It's not always possible to achieve those goals but that's what they seek. You have to generate interest. You have to feed that ilusión. New signings allow you to, more than anything else, but for there to be new signings, there need to be new men; you need renewal. 

Major tournaments offer that, thrusting new players into the spotlight. Madrid were interested in James before 2014 but the World Cup brought him more sharply into focus. This time, there were two players whom they followed above all others: Robert Lewandowski and Paul Pogba. There had been conversations with both men's camps. The Euros could have helped tilt the balance; instead, there's a case for suggesting that Euro 2016's best players were already at Madrid, including Toni Kroos, whose role would be most at threat if Pogba came. (Then there's Antoine Griezmann, now valued at €100 million and at the wrong club. Certainly for Madrid.)
Neither Pogba nor Lewandowski emerged from Euro 2016 having reinforced his status as a star. Perhaps that should not matter, but it does. They are still brilliant footballers; they may be among the very few players whose arrival would improve Madrid or Barcelona. But getting them out of their clubs is not easy. Signing them would in all probability require a world record fee.
Madrid could afford to pay, but it becomes a harder sell now, less strategically significant and more difficult to justify. Their arrivals would be big, but it's not quite the same.
Zidane admitted on Monday that he "likes" Pogba and hope is not entirely extinguished. He likes Pogba's dynamism and character; he brings something Madrid don't exactly have. Convincing the board would have been easier had he bestrode Euro 2016; experience says they were waiting for someone to do exactly that. But with Manchester United so keen, the price looks set to be well in excess of €100m, and that's a big step now. It was too big a step for Barcelona last summer, even as he was used in the electoral battle, even if Barca's international director of football, Ariedo Braida, supposedly had him under control then and is silent now.
And so, much of the focus turns elsewhere. Strength in depth becomes a key target: variety and alternatives, the ability to assimilate injuries and suspension. Actually, let's rephrase that: it was always a target. 

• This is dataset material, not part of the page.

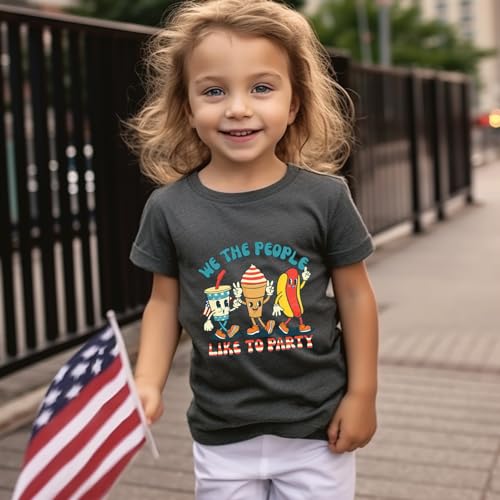 Image of Boys Girls Fourth of July Shirt Toddler Patriotic 4th of July Clothes for Kids 1-7 Years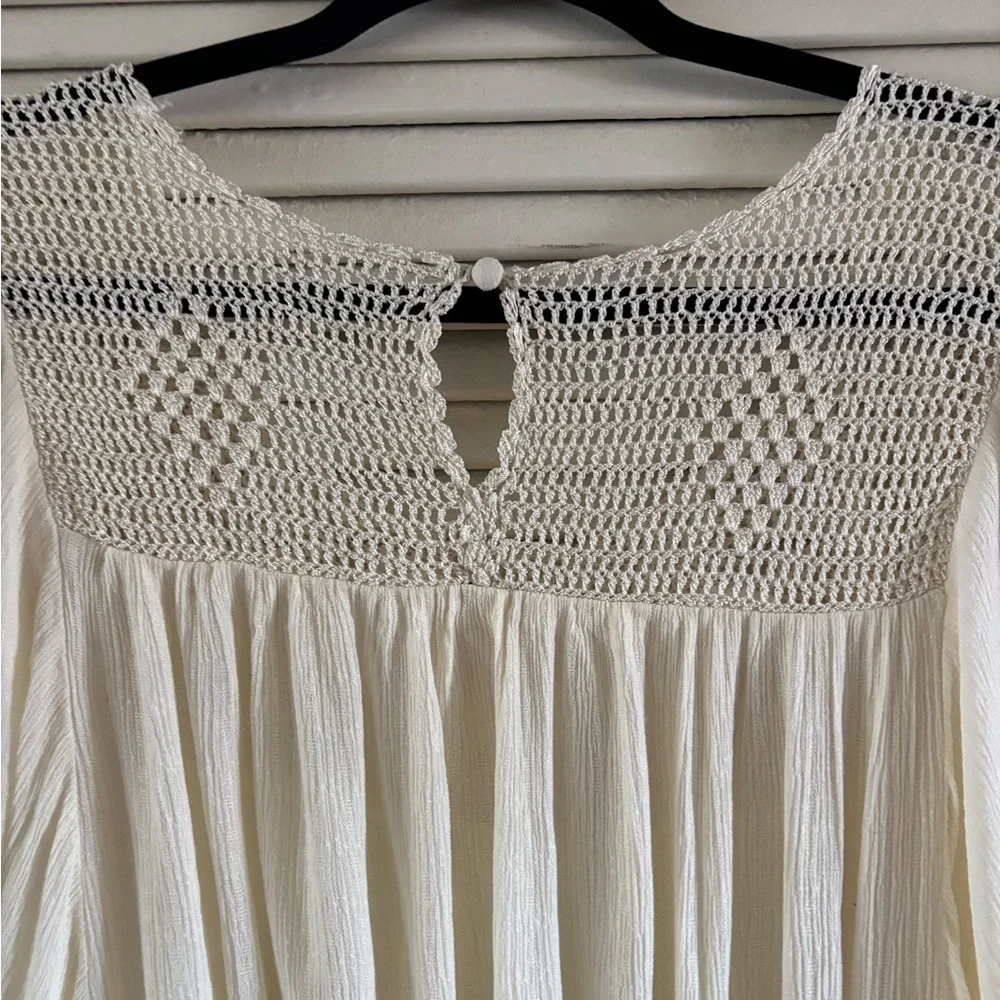 Free People Dolman Sleeve Crochet Blouse size S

Major tournaments offer that, thrusting new players into the spotlight. Madrid were interested in James before 2014 but the World Cup brought him more sharply into focus. This time, there were two players whom they followed above all others: Robert Lewandowski and Paul Pogba. There had been conversations with both men's camps. The Euros could have helped tilt the balance; instead, there's a case for suggesting that Euro 2016's best players were already at Madrid, including Toni Kroos, whose role would be most at threat if Pogba came. (Then there's Antoine Griezmann, now valued at €100 million and at the wrong club. Certainly for Madrid.)
Neither Pogba nor Lewandowski emerged from Euro 2016 having reinforced his status as a star. Perhaps that should not matter, but it does. They are still brilliant footballers; they may be among the very few players whose arrival would improve Madrid or Barcelona. But getting them out of their clubs is not easy. Signing them would in all probability require a world record fee.
Madrid could afford to pay, but it becomes a harder sell now, less strategically significant and more difficult to justify. Their arrivals would be big, but it's not quite the same.
Zidane admitted on Monday that he "likes" Pogba and hope is not entirely extinguished. He likes Pogba's dynamism and character; he brings something Madrid don't exactly have. Convincing the board would have been easier had he bestrode Euro 2016; experience says they were waiting for someone to do exactly that. But with Manchester United so keen, the price looks set to be well in excess of €100m, and that's a big step now. It was too big a step for Barcelona last summer, even as he was used in the electoral battle, even if Barca's international director of football, Ariedo Braida, supposedly had him under control then and is silent now.
And so, much of the focus turns elsewhere. Strength in depth becomes a key target: variety and alternatives, the ability to assimilate injuries and suspension. Actually, let's rephrase that: it was always a target. 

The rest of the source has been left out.